WHAT YOU SHOULD DO:
In the data below, how many lines include the word "Women"? Give only the number.

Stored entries
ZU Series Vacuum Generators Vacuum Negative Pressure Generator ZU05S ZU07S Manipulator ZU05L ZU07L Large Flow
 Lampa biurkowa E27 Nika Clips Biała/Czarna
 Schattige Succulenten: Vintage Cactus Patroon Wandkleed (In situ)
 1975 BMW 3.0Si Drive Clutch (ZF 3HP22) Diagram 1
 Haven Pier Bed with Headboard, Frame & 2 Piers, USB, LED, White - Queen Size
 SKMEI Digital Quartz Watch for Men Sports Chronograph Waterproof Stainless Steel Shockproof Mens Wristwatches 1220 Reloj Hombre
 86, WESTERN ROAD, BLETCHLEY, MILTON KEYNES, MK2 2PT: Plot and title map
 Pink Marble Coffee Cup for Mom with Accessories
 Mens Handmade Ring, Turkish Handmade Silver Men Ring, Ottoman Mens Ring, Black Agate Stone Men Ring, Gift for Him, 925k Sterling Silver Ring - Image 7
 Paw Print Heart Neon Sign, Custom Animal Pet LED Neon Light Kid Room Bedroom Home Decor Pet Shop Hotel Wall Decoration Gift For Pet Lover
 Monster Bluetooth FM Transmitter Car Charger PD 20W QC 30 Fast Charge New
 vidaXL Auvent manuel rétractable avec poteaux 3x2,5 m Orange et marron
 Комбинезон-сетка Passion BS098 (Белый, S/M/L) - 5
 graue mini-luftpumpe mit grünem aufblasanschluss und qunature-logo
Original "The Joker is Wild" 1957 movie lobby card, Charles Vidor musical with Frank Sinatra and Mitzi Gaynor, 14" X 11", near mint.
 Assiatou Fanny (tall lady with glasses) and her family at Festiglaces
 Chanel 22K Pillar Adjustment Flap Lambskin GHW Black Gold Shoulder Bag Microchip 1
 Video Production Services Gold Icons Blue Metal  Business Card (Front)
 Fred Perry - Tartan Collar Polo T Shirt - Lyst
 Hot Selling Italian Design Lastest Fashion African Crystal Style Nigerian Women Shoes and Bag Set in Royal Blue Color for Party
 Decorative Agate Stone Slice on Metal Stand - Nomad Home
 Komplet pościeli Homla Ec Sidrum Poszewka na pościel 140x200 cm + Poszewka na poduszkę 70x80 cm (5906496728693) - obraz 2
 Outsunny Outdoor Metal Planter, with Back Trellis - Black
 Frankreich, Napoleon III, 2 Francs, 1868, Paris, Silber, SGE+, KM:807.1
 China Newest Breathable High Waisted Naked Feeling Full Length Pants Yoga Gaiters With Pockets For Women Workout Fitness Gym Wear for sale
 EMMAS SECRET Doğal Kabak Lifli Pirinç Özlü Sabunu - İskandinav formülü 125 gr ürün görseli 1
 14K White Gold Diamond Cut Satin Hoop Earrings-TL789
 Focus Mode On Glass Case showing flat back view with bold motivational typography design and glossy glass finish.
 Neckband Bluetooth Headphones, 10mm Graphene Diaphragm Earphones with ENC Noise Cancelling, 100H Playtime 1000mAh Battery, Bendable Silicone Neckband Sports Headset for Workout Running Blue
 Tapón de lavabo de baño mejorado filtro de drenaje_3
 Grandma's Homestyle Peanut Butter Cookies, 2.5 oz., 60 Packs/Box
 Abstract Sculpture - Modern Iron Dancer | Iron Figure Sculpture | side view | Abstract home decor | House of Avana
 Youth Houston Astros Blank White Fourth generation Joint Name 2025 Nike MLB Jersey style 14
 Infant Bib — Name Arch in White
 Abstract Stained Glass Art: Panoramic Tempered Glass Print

EXPECTED OUTPUT:
2